● **Exercise**
Restate the data word for word. Leave the pictures out.

● **Listed entries**
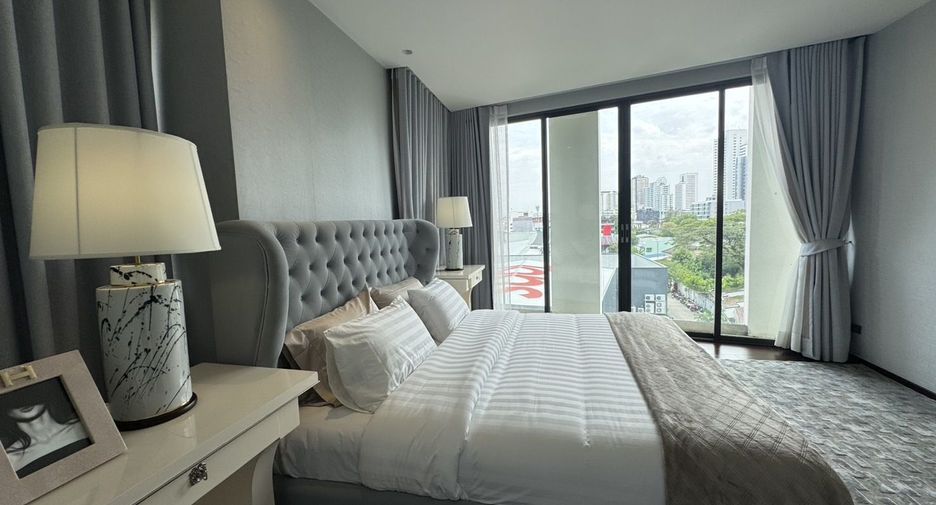 For sale 2 bedrooms condo in Watthana, Bangkok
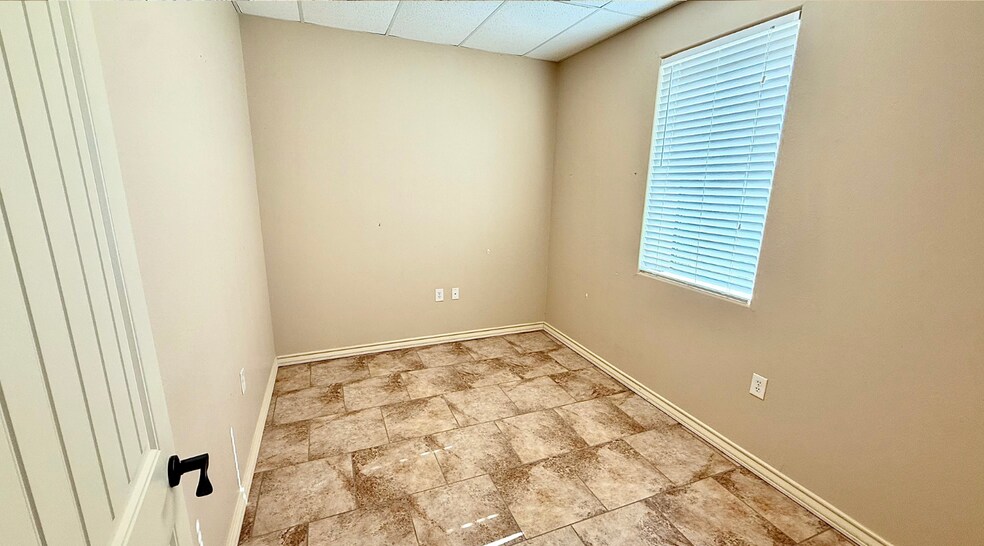 More Photos Of 4617 S County Rd 1210 rd, Midland Warehouse For Lease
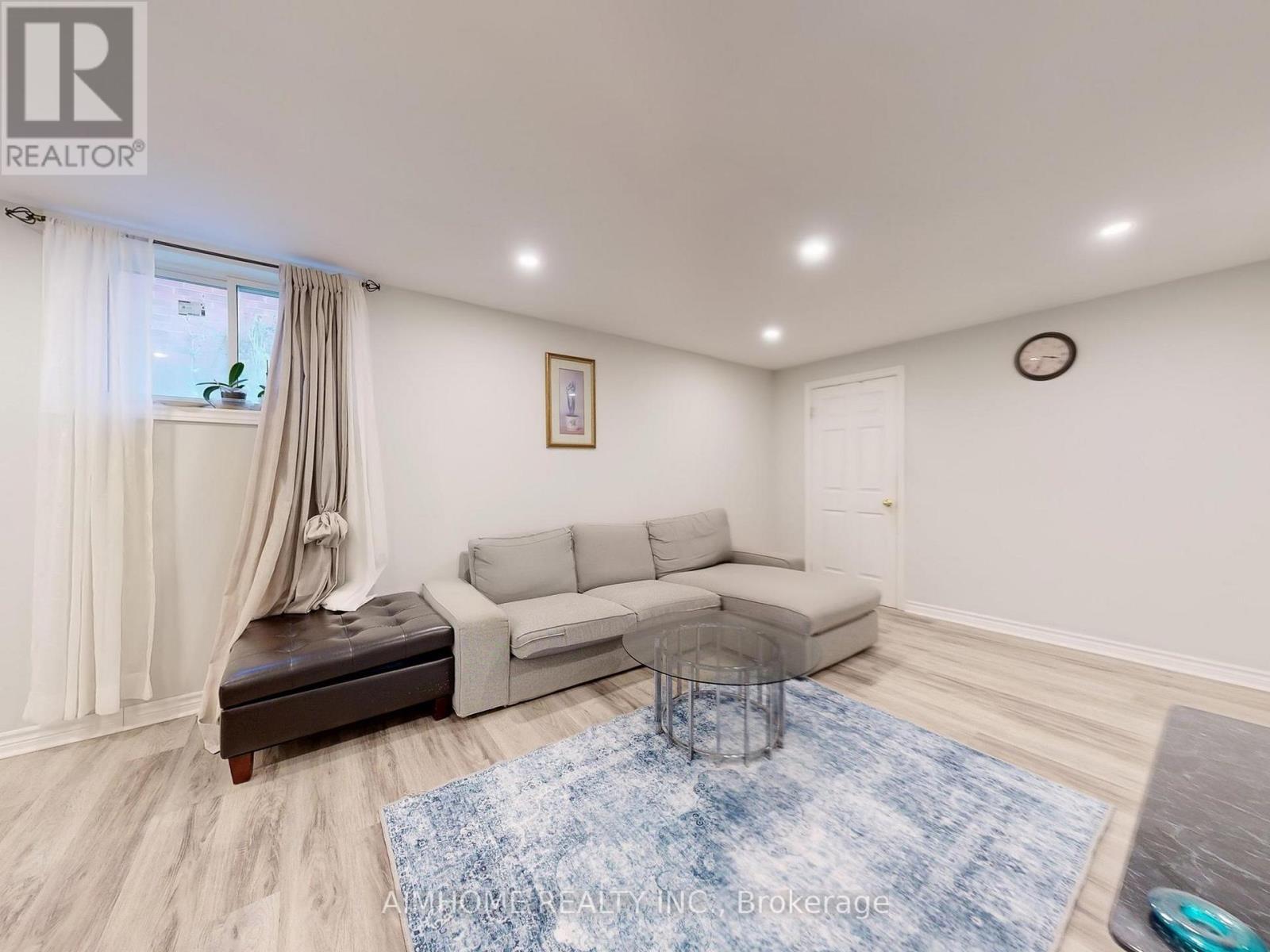 342 Savage Road, Newmarket, ON - Indoor Photo Showing Other Room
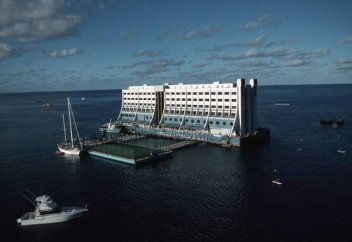 Видео: В Северной Корее будет уничтожен первый в мире плавучий отель. Посмотрите: самые невероятные отели мира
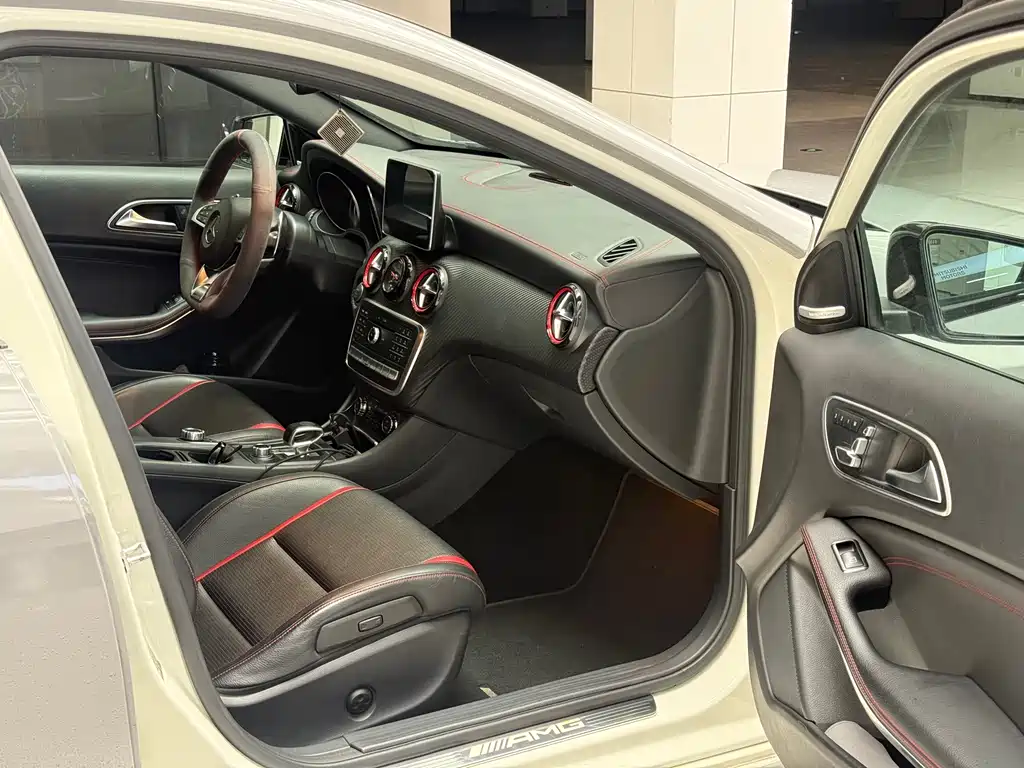 MERCEDES-BENZ A CLASS AMG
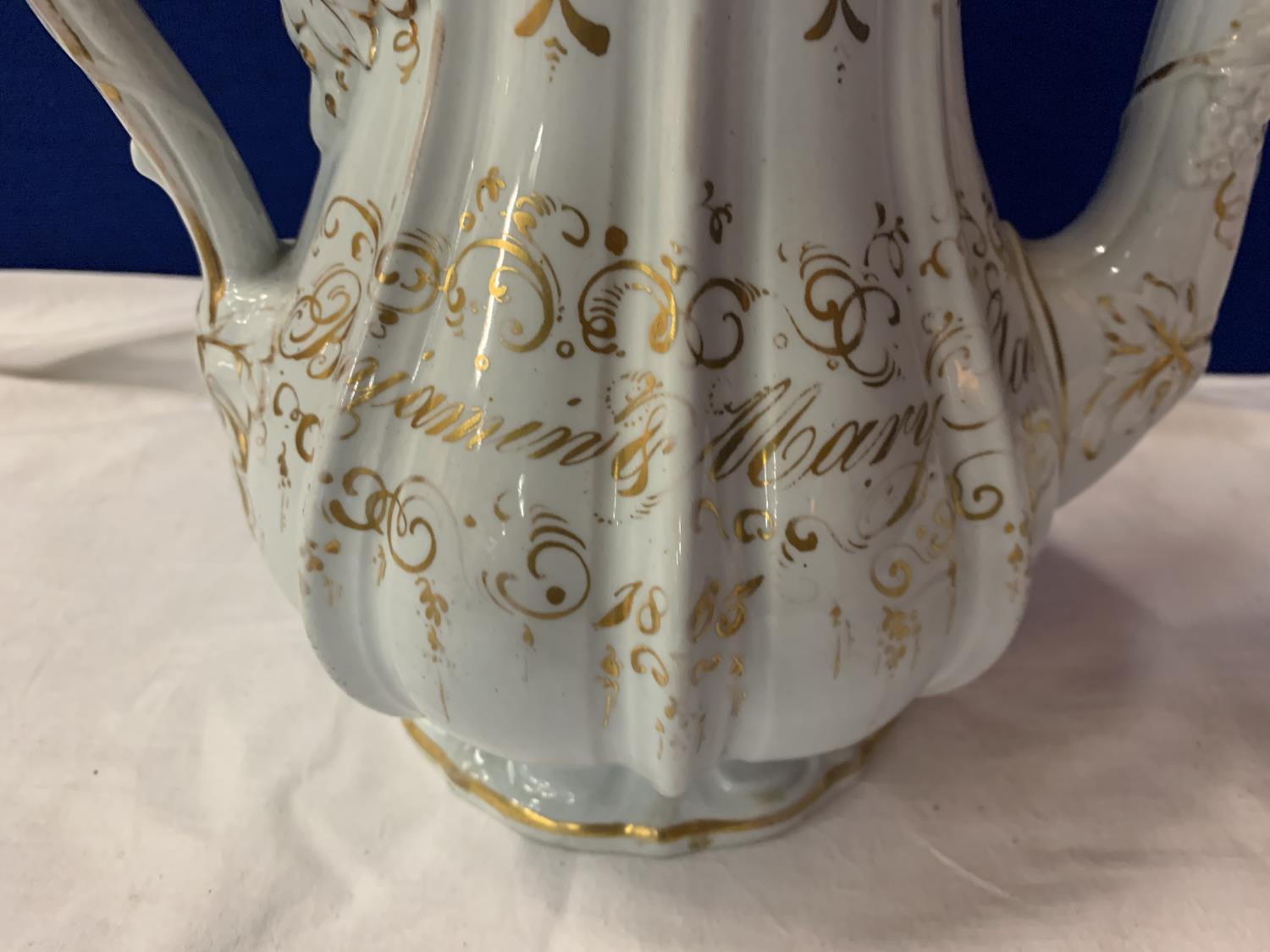 A STAFFORDSHIRE STONEWARE 'SMEAR GLAZE' COFFEE POT WITH METAL HINGED LID AND GOLD PAINTED DETAIL - Image 3 of 5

● **Finished task**
 For sale 2 bedrooms condo in Watthana, Bangkok
 More Photos Of 4617 S County Rd 1210 rd, Midland Warehouse For Lease
 342 Savage Road, Newmarket, ON - Indoor Photo Showing Other Room
 Видео: В Северной Корее будет уничтожен первый в мире плавучий отель. Посмотрите: самые невероятные отели мира
 MERCEDES-BENZ A CLASS AMG
 A STAFFORDSHIRE STONEWARE 'SMEAR GLAZE' COFFEE POT WITH METAL HINGED LID AND GOLD PAINTED DETAIL - Image 3 of 5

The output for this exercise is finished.